Farmers urge government to revisit Brexit tariff rates

Temporary tariffs would be applied to beef, lamb, poultry and some dairy products in the event of a 'no deal' Brexit
Temporary tariffs would be applied to beef, lamb, poultry and some dairy products in the event of a 'no deal' Brexit

A farming union has called on the government to ensure that imports of agri-food products are subject to the same tariffs customs as those that will be applied to exports from the UK.

Published earlier this year, farmers have expressed concern for the impact on agriculture with tariff rates either fully or partly removed in the event of a no-deal Brexit.

Some industry groups highlighted how they would leave farmers exposed to the full effects of competition from countries whose standards of production are often considerably lower than the UK's.

The applied tariff schedule means a sizeable reduction in tariff rates for incoming beef, poultry meat and dairy products.

It also means a complete removal of the tariffs barrier for the egg, cereal and vegetable sectors despite World Trade Organisation tariffs being placed on UK exports of these products to the EU.

Special tariff arrangements will apply to imports over the Irish land border, this means that all products crossing into Northern Ireland will have no tariff charged at all.

Northern Irish sheep farmers have said the tariff regime at the border with the Republic of Ireland would 'crush' the sector.

Because of these concerns, NFU Cymru has urged the new government to revisit the applied tariff rate set by the previous government in March this year.

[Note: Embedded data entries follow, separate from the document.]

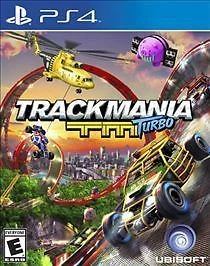 TrackMania Turbo (Sony PlayStation 4, 2016)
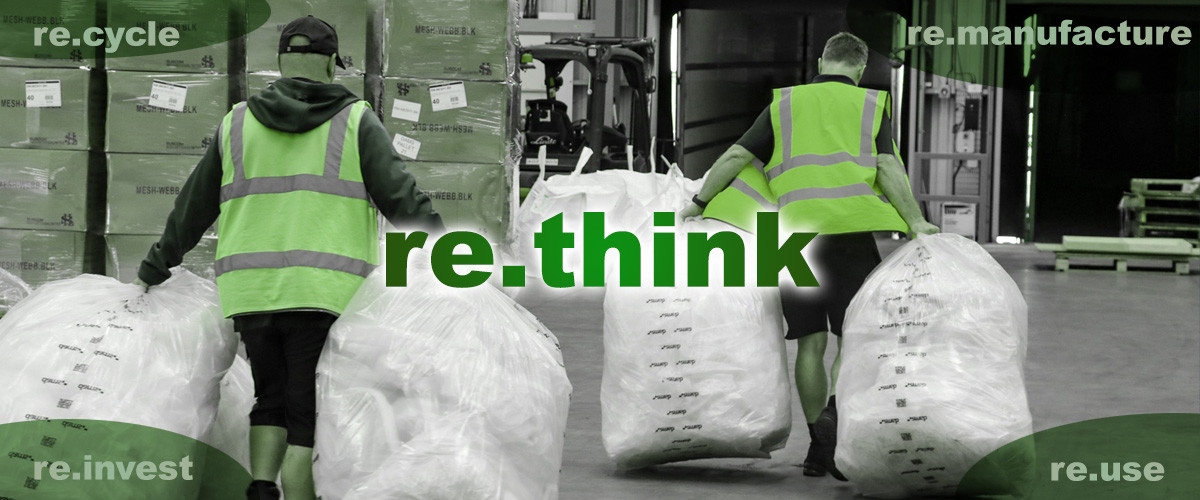 Re.Think Furniture Recycling Programme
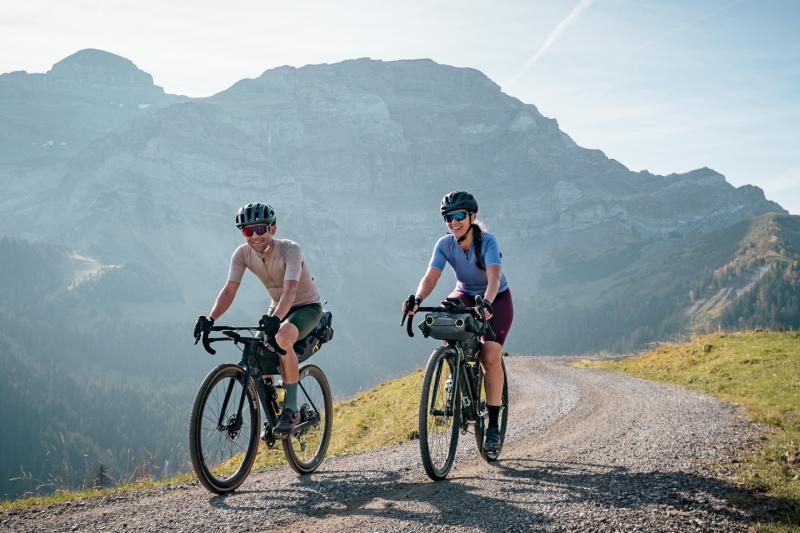 Bikepacking - Gravel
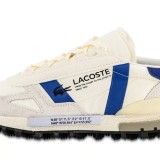 Lacoste Elite Active Εκρού - Ανδρικά Sneakers Εικόνα 4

Speaking today (13 August) at Pembrokeshire Show, NFU Cymru President John Davies said: “We welcome the recognition from government for tariff protection in respect of lamb, which means that lamb imported into the UK faces the same 48% tariff rate as our exports of lamb to the EU27.

“However, the picture is a little more complex than that as the majority of lamb imported to the UK comes from New Zealand which will continue to be subject to a generous tariff free quota.”

“NFU Cymru is of the view that tariffs on agri-food products should be levied on a reciprocal basis, that is to say the tariff charged by the UK on goods entering the country matches the tariff charged on our exports of such goods.

“We have requested, through Secretary of State Alun Cairns, that these tariff rates are urgently reviewed with a view to ensuring that tariffs are applied on a reciprocal basis to provide some level of protection to the world leading standards our farmers adhere to the UK.”

Planning within the government has dramatically intensified for a no-deal Brexit under Prime Minister Boris Johnson.

NFU Cymru said that MPs must 'work tirelessly' for an agreement with the European Union to avert a no-deal 'at all costs'.